By Maria Delgado Gonçalves Oct 20, 2015
Credit: Photo by Martin Lee/REX

Universities risk losing students who rely on maintenance grants as they call the decision between not pursuing education or borrowing up to £53,000 from the government “pathetic”.

Kingston University students said that George Osborne’s decision to scrap the grants in September 2016 and replace them with loans will create “resentment from the working class” towards the government.

A Union of Kingston Students member said: “This is obviously an elitist situation. It started when the fees rose up to £9,000 and now this is just the next step to increase the gap between the rich and the poor.”

Ruth Chittock, a landscape architecture masters student who works for UKS, said that there was a huge influx of students applying for university this year at the last minute because they knew it would be their last chance to get a grant.

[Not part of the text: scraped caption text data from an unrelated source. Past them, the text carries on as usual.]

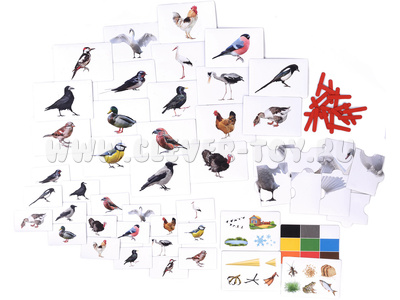 Набор магнитных карточек "Загадки-отрицания". Птицы.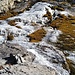 Der Bach überfriert langsam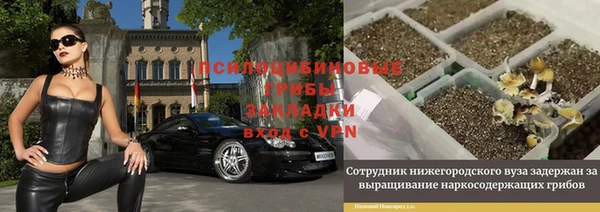 гашик Абаза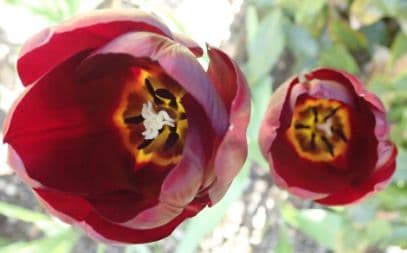 tulip 'Jan Reus'
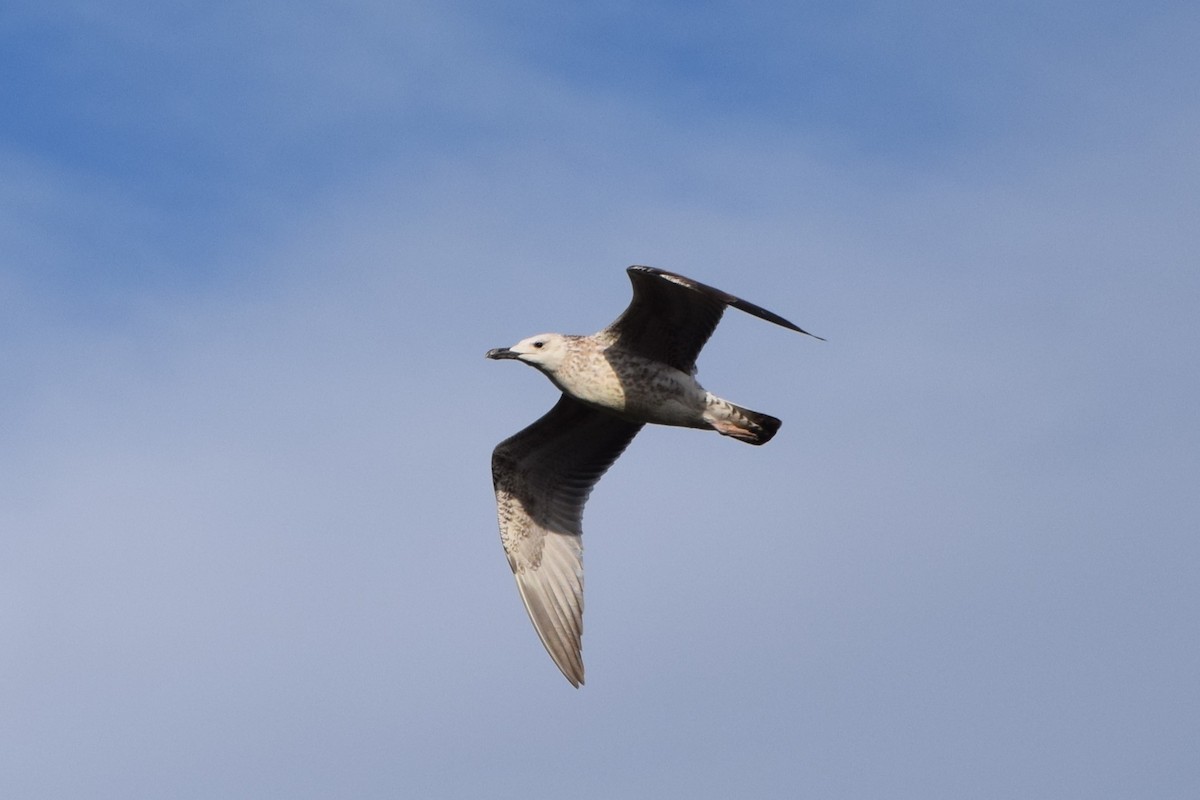 Caspian Gull - ML642471993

Andrew Weymiss, 21, a third year history student, is among the 500,000 students in England who received a government grant for his three academic years.

“By doing this the government is financially crippling the young,” he said. “The grant is immensely useful and basically keeps me afloat financially, as my initial loan barely covers my rent, let alone books and other expenses.”

Weymiss must work alongside his studies as he does not receive much help from his parents and said it would be a lot harder to budget if he did not get the full grant of £3,387 a year.

The student from Portsmouth said: “I would have to work a lot more hours which would most likely affect my grades. I think the scrapping of maintenance grants and turning them into loans is just pathetic.”

The National Union of Students has decided to bring legal action against the government after George Osborne’s budget announcement in July, sending a legal letter to the secretary of state for business.

NUS president Megan Dunn said that there is “strong evidence” that converting grants into loans will mean that university becomes “less accessible to minority groups”.

A survey by the NUS also revealed that a third of the students would not be in university without the government’s financial help, with 52 per cent of the students eligible for a maintenance grant stating that it was “absolutely essential” for them.

Students are now stuck between a rock and a hard place, where they have to choose to either go to university – and watch their debt add up before they turn 25 -, or not go to university at all.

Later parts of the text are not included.